Osmaniyeli restoran işletmecileri, Türkiye çapında 20-21 Nisan tarihlerinde yapılan cafe ve restoran boykotuna tepki gösterdi. İşletmeciler, yüksek maliyetler ve ekonomik sıkıntılar nedeniyle fiyatları artırmak veya işletmeleri kapatmak dışında başka bir seçenekleri olmadığını belirtti. Üretimin olmadığı sürece işletmelerin batmaya mahkum olduğunu ifade eden esnaflar, üretimin artmasıyla birlikte fiyatların düşeceğini ve vatandaşların daha uygun fiyatlarla yemek yiyebileceğini dile getirdi.
BURHAN DEMİRCİOĞLU
(OSMANİYE) Türkiye çapında cafe ve restoranlara karşı 20-21 Nisan tarihlerinde alınan boykot kararına Osmaniyeli esnaftan tepki geldi. Restoran işletmecisi Halil Özdemir, ” Bizim pahalandırma şansımız yok. Aldığımız ürünü bugün 5 liraya alıyorsak yarın 7 lira oluyor. Etin kilosu olmuş 550 lira, tavuk olmuş göğüs alıyoruz 180-200 lira. İşçi çalışıyor, vergini veriyorsun. Benim kiram mesela örnek veriyorum bu müessese senelik 40 bin lira iken ödüyorduk, şu anda 190 bin liraya çıkardı. ya kapatacağız ya da fiyatlara yansıma yapacak başka çaremiz yok” dedi.

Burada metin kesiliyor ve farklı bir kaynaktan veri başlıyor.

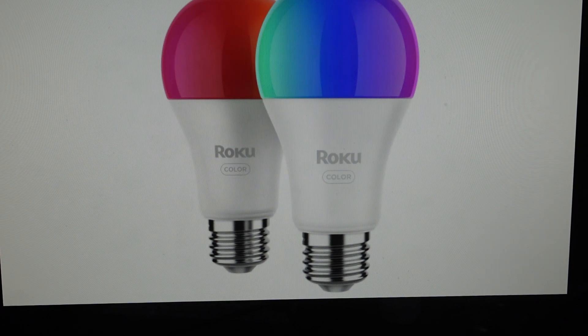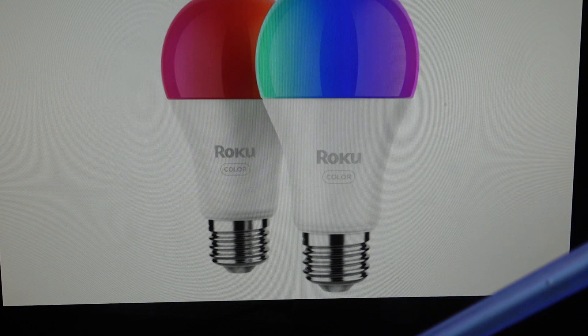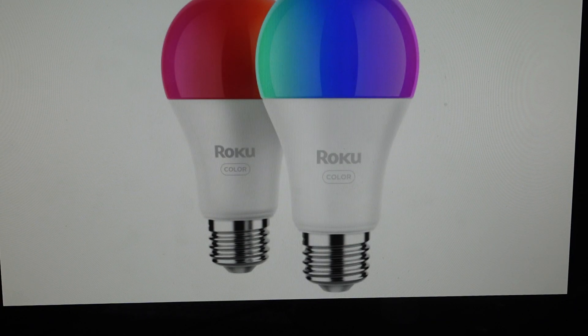We can go ahead and do that quite easily. With the bulb plugged in, we're just going to turn on the light, and then using whatever mechanism we deem fit, we're going to turn the light bulb off, on, off, on, off, on — and on the third time you will leave it on. Do that three times.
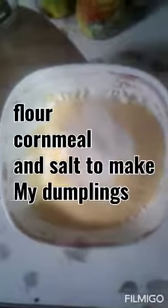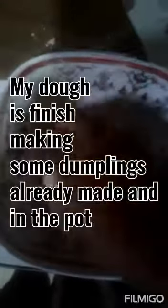This may take half an hour to an hour to cook. This is my flour, my cornmeal, and salt — I'm going to make some dumplings to put in my soup. My dough is finished for the dumplings, and some of them are already in the pot.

Türkiye çapında 20-21 Nisan tarihleri arasında cafe ve restorantlara karşı bir çok vatandaşın boykot çağrısına Osmaniye Rauf Bey Mahallesi’nde restaurant işleten esnaf tepki gösterdi. Esnaf Halil Özdemir, yaşadığı ekonomik sıkıntıları şu sözlerle anlattı:
“Bugünkü aldığım malzemeyi yarın aynı fiyatı alma şansınız yok.Bence bu boykot çok yanlış bir şey. İnsanların alım gücü yok. Yandaki işletme ile benim işletmem bir değil.Aynı malzemeyi aynı ücrete alıyoruz o veriyor 5 liraya ben veriyorum 2,5 liraya.Neden yani boykot bu. Bizim pahalandırma şansımız yok. Aldığımız ürünü bugün 5 liraya alıyorsak yarın 7 lira oluyor. Etin kilosu olmuş 550 lira,tavuk olmuş göğüs alıyoruz 180-200 lira. İşçi çalışıyor, vergini veriyorsun. Benim kiram mesela örnek veriyorum bu müesese senelik 40 bin lira iken ödüyorduk şuanda 190 bin liraya çıkardı.
“ÜRETİM OLMADIĞI SÜRECE BATMAYA MAHKUM”
Ya kapatacağız ya da fiyatlara yansıma yapacak başka çaremiz yok. Bazı esnaflar almış başını gitmiş. Ben çorbayı burada 50 liraya veriyorum öbür tarafta yan komşum değil az ilerde 100 liraya veriyor, insaf yani. Bir ülkede üretim olmadığı sürece batmaya mahkümdur.Temmuz ayından sonra Eylül ayında bakın şu anda ben 120 liraya veriyorum en az bunu 200 liraya vereceğim ki ben işçimin maaşını mı ödeyeyim, kiramı ödeyeyim, elektrik, suyu mu ödeyeyim, vergimi ödeyeyim? Ama üretim olursa, benim alacağım malzeme bu fiyata iner. Ben ne yaparım? 120 liraya vereceğimi 80 liraya veririm. Vatandaş rahat rahat karnını doyurur.”